@deebuls about the first one: there is non-conjugacy in beta w.r.t. theta. also, what does 5xDirichlet mean? multiply the prob.vector by 5? i don't understand why wouldn't you just learn beta freely. why constrain it to be a probability vector?
@deebuls about the second model: again, non-conjugacy in beta w.r.t. theta. i don't quite understand the model construction. would it be ok to learn beta as a free parameter and discard alpha and phi?
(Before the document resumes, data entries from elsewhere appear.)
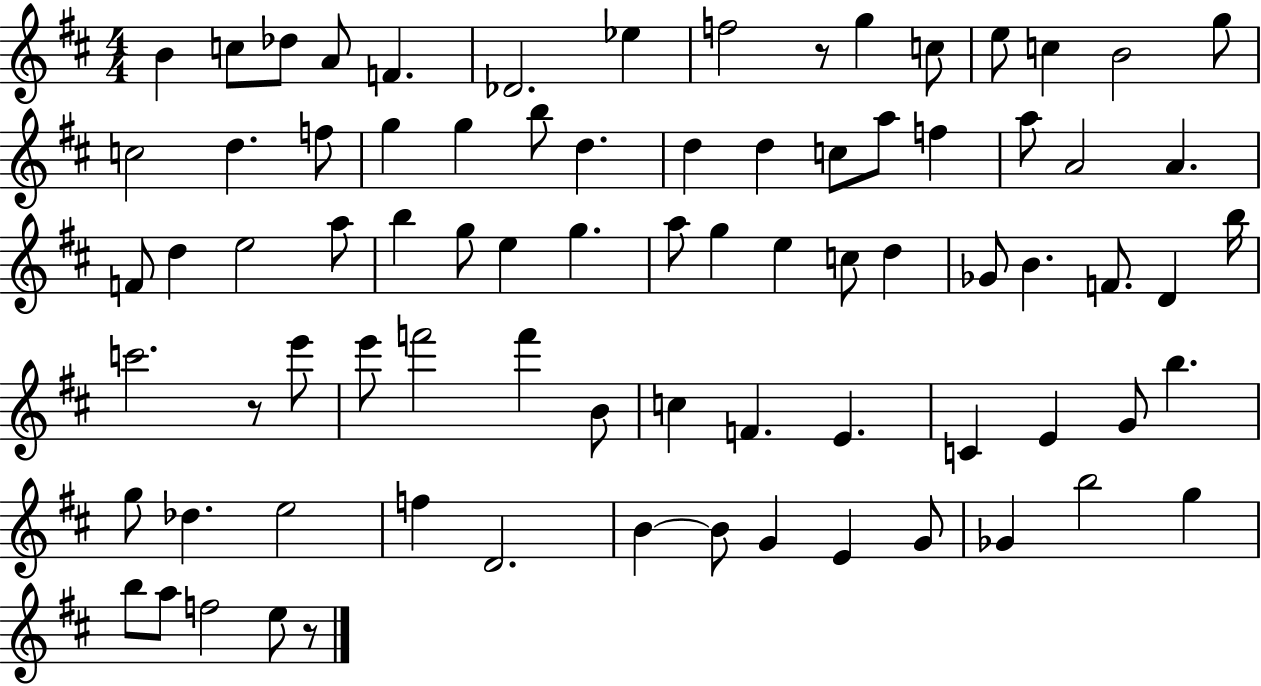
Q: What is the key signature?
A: D major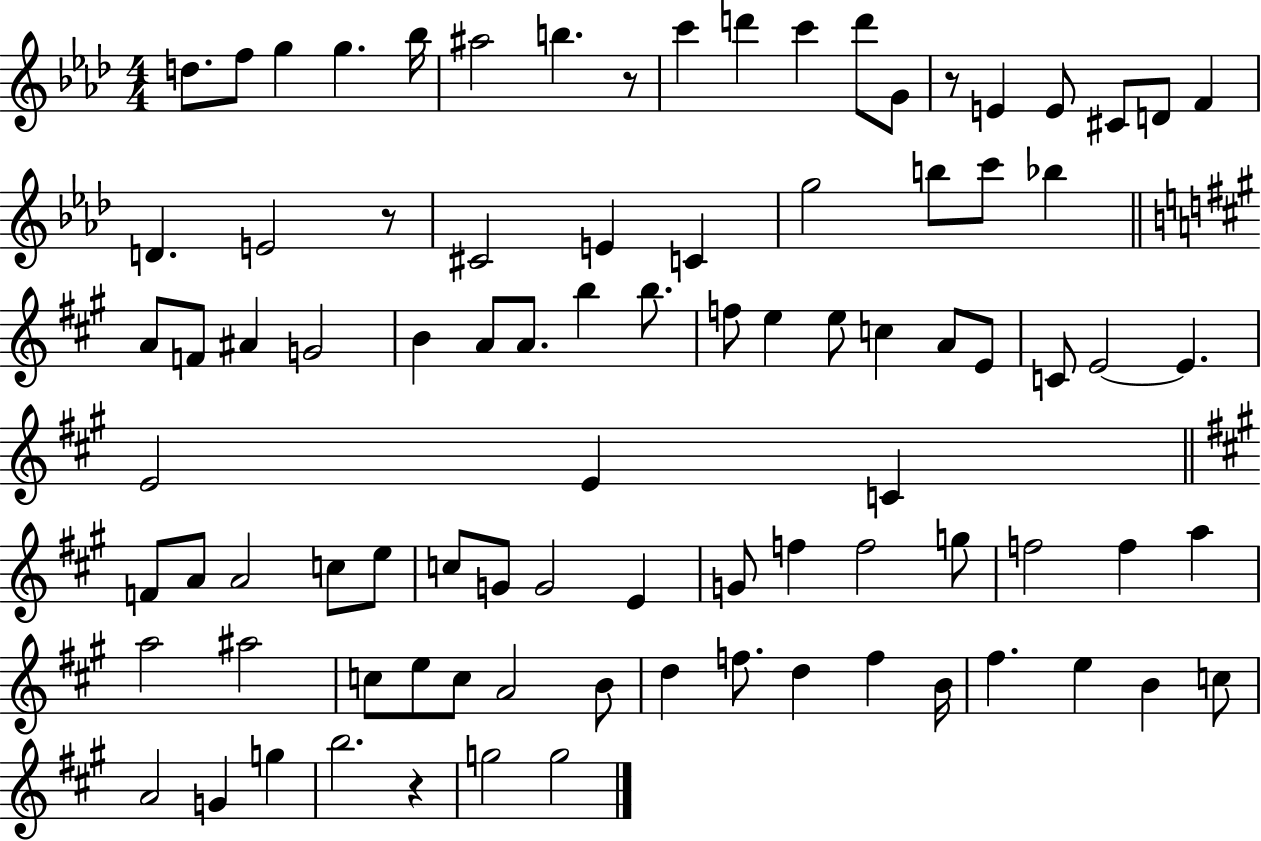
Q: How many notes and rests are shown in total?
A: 89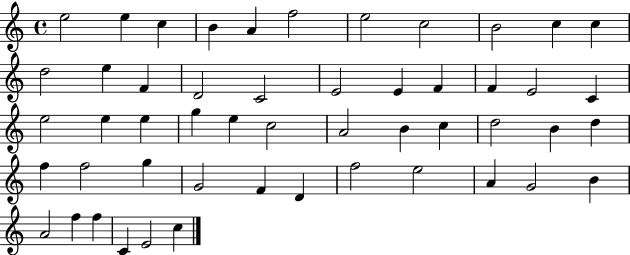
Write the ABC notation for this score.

X:1
T:Untitled
M:4/4
L:1/4
K:C
e2 e c B A f2 e2 c2 B2 c c d2 e F D2 C2 E2 E F F E2 C e2 e e g e c2 A2 B c d2 B d f f2 g G2 F D f2 e2 A G2 B A2 f f C E2 c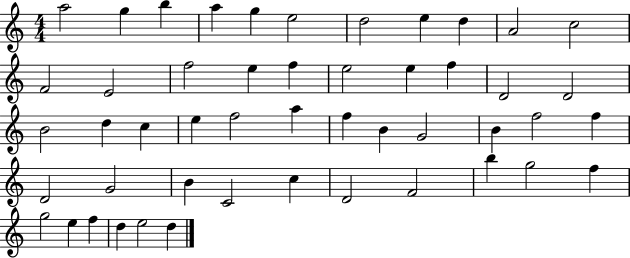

@deebuls about the books: i started collecting some pieces from here and there to form a vb book, but it's really just a collection of copy-pasted random parts, missing lots of stuff. but just in case you find it in any way useful: http://variational-bayes-book.readthedocs.org/en/latest/
@jluttine Thanks for the book. I will read it to get details of VB inference . But currently I am more interested in application of graphical modelling . To understand different models available when to use, different distributions when to use and where to use .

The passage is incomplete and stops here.